The median MD value for traumatic fat necrosis was 1.4 × 10^–3 mm²/s while in granulation tissue it was 1.6 × 10^–3 mm²/s which was much higher than their corresponding value in recurrent DCIS and recurrent breast cancers (P value < 0.001). Both traumatic fat necrosis and granulation tissue showed equal median AD and RD values (2.3 × 10^–3 mm²/s and 1.8 × 10^–3 mm²/s), respectively, which were higher than corresponding values in recurrent DCIS and recurrent breast cancers (P value < 0.001). On analyzing FA, its value in traumatic fat necrosis was 0.29 while in granulation tissue it was 0.23. Both entities showed lower FA values than recurrent DCIS and recurrent breast cancers (P value < 0.001) (Fig. 4).

Table 5 shows that adding DTI parameters to dynamic contrast-enhanced MRI improves the diagnostic performance in discriminating recurrent breast cancer from postoperative changes.

The main finding of this study is that DTI parameters can increase both sensitivity and specificity of DCE-MRI in predicting recurrent breast cancer. Overall, malignancies exhibited lower MD, AD, and RD, and higher FA and RA values when compared to their values in benign lesions [9, 11, 20]. Among the DTI parameters, MD contributed most significantly to the overall diagnostic performance [11, 18]^.

MD represents the average diffusion of water molecules that resembles unrestricted isotropic diffusion [18]. In this study, MD showed excellent performance in differentiating recurrent breast cancer from postoperative changes. On analyzing MD values in this study, it showed significantly lower values in recurrent breast cancer compared to its values in postoperative changes. Previous studies reported lower values of MD in malignant breast lesions (ranging from 1 × 10⁻³ mm²/s to 1.4 × 10⁻³ mm²/s) compared to benign breast lesions (ranging from 1.5 × 10⁻³ mm²/s to 1.8 × 10⁻³ mm²/s) [9, 11, 15]. This can be explained by barriers and multiple compartments seen in the malignant masses that restrict the free motion of a water molecule [9].

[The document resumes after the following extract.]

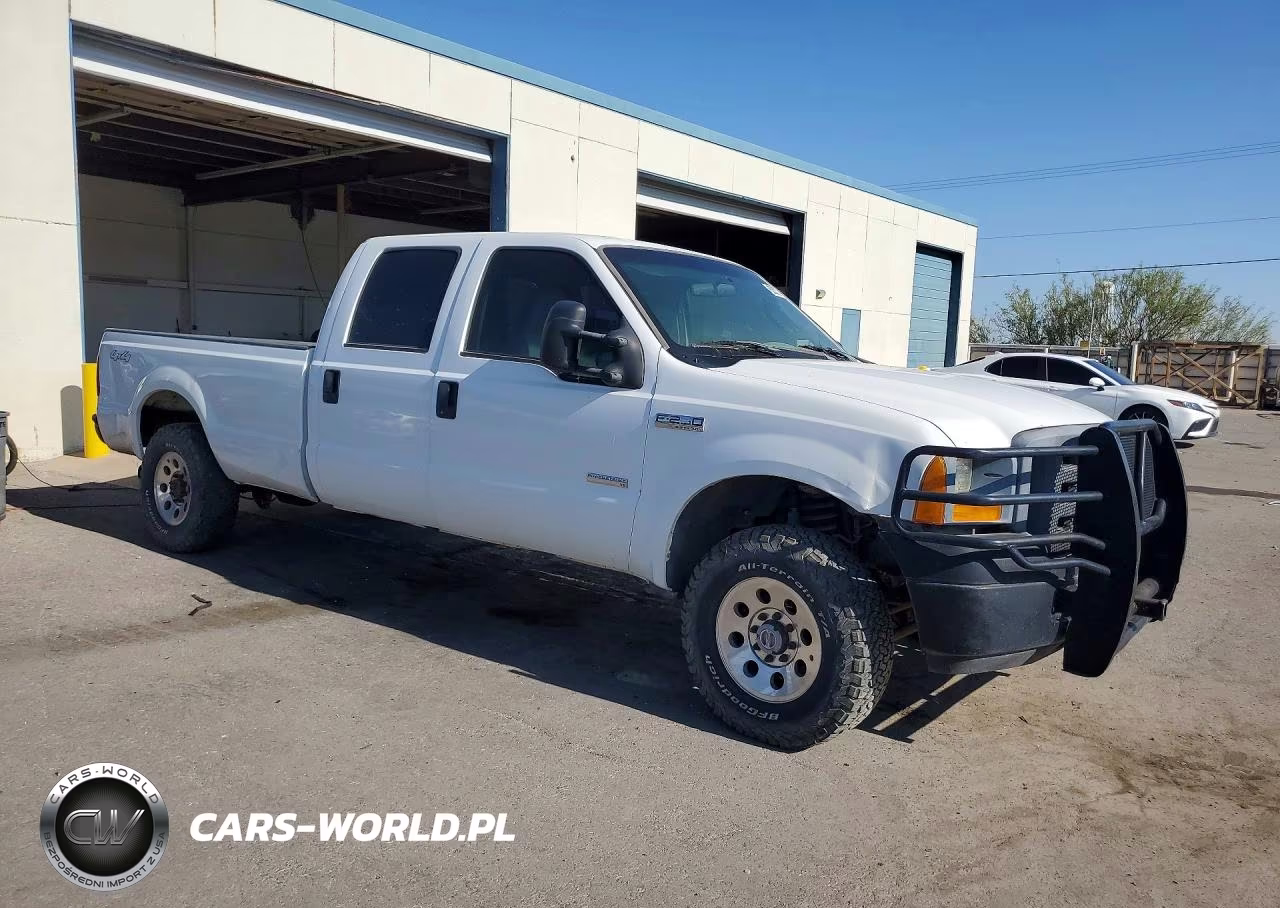 2005 Ford F250 Super Duty VIN:1FTSW21P95EB19237 - 4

Many studies reported a cutoff value for MD used to differentiate benign from malignant breast lesions this cutoff value range from 1 to 1.26 × 10⁻³ mm²/s [11, 14, 20]. Our cutoff value for MD agreed well with those reported in the literature. In this study the cutoff value of MD used to discriminate recurrent breast cancer from postoperative changes was 1.18 × 10⁻³ mm²/s (P value < 0.001 and AUC of 0.934). This result correlated with the results of one study in which two observers used a cutoff value of 1.1 × 10⁻³ mm²/s and 1.43 × 10⁻³ mm²/s showing P value (0.001, 0.001) and AUC (0.86, 0.85), respectively, to differentiate the two entities [18].

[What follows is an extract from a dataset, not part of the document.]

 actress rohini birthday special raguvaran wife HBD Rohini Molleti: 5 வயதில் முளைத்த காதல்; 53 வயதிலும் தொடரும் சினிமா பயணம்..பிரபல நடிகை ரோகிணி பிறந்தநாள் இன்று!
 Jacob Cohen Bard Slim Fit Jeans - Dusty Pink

In this study, MD showed the highest sensitivity and specificity when compared to other DTI parameters in the characterization of postoperative breast lesions. Our results were comparable to a previous study which reported that MD cutoff value (1.24 × 10⁻³ mm²/s) showed sensitivity (95.6%), specificity (93.6%), PPV (93.5), and NPV (95.7%) in predicting malignant breast masses [15]. However, our results showed higher sensitivity and specificity when compared to the results of one study which evaluated DTI parameters in differentiating benign from malignant breast lesions. In the previously mentioned study, they used a cutoff MD value of 1 × 10⁻³ mm²/s showing a sensitivity (90%), specificity (63%), and accuracy (53%) in predicting malignant breast lesions [14]. In contrast to our study, O. Cakir et al. reported higher MD sensitivity (100%) and much lower specificity (40%) in predicting malignant breast lesions [16].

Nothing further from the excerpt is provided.